Parler d’espace urbain et d’espace périurbain en particulier, en milieu africain, revient à s’interroger sur l’une des plus importantes mutations intervenues dans le processus de croissance urbaine ces quatre dernières décennies. Le thème de la ville est, d’une manière générale, très présent dans les différentes études menées, en Afrique, par les géographes ces dernières décennies. Cependant, la question relative aux nouvelles modalités d’expansion des villes à laquelle nous nous intéressons reste encore peu abordée.
Dans le cas du Sénégal, les quelques études menées sur la question ont concerné essentiellement la ville de Dakar. Pourtant, il s’opère depuis presque deux décennies des mutations très grandes dans les villes secondaires en général et celles de l’axe Dakar Touba en particulier. A Touba par exemple (où le territoire aggloméré est passé de 575 ha en 1976 pour une population de 29634 hab à plus de 15000 ha pour une population de plus de 500 000 hab en 2002), la construction périurbaine a pris une ampleur démesurée à partir notamment du début des années 1980. En effet, les « appels au peuplement » lancés par les différents khalifes qui se sont succédé ont suscité d’importantes migrations vers cette ville. Ainsi, contrairement à la ville de Dakar qui peine de plus en plus à se déployer sur son site (presqu’île), Touba (ville continentale) voit sa couronne périurbaine s’étendre constamment.
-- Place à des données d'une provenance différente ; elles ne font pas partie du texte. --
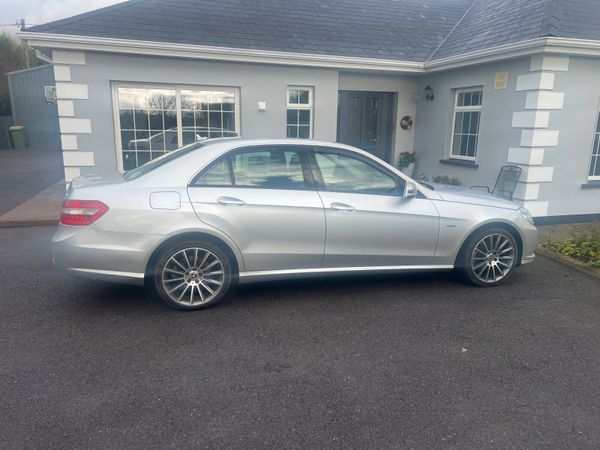 Mercedes-Benz E-Class Saloon, Diesel, 2010, Silver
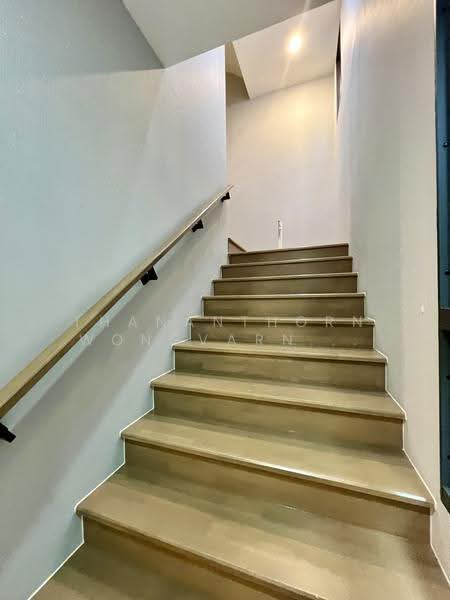 Patio Ratchayothin, Bangkok, Phahonyothin 32, Chan Kasem, Chatuchak, Bangkok, 3 Bedrooms, 263 sqm, Townhouse For Sale, by Thananthorn Wongvarnkaseam, 500518070 - DDproperty.com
Et ceci, comme à Dakar, est à l’origine de nouveaux et nombreux enjeux : fonciers, économiques, etc.
Entre ces deux pôles, se déploie un sous-ensemble, Thiès-Diourbel, dont la dynamique urbaine et périurbaine, quoique moins forte, tend à renforcer l’hypothèse de l’émergence d’un système urbain et régional entre Dakar et Touba.
Le projet de mener une étude d’envergure sur cet espace procède d’une volonté d’élargir, non seulement l’échelle géographique d’appréhension (qui s’est jusqu’ici limitée à l’unique ville de Dakar) du fait urbain au Sénégal, mais aussi de mettre en évidence une dynamique qui se développe depuis quelques années à partir des villes de cet axe et qui tend à remettre en cause la configuration du système urbain sénégalais fortement marquée jusqu’alors par la macrocéphalie dakaroise.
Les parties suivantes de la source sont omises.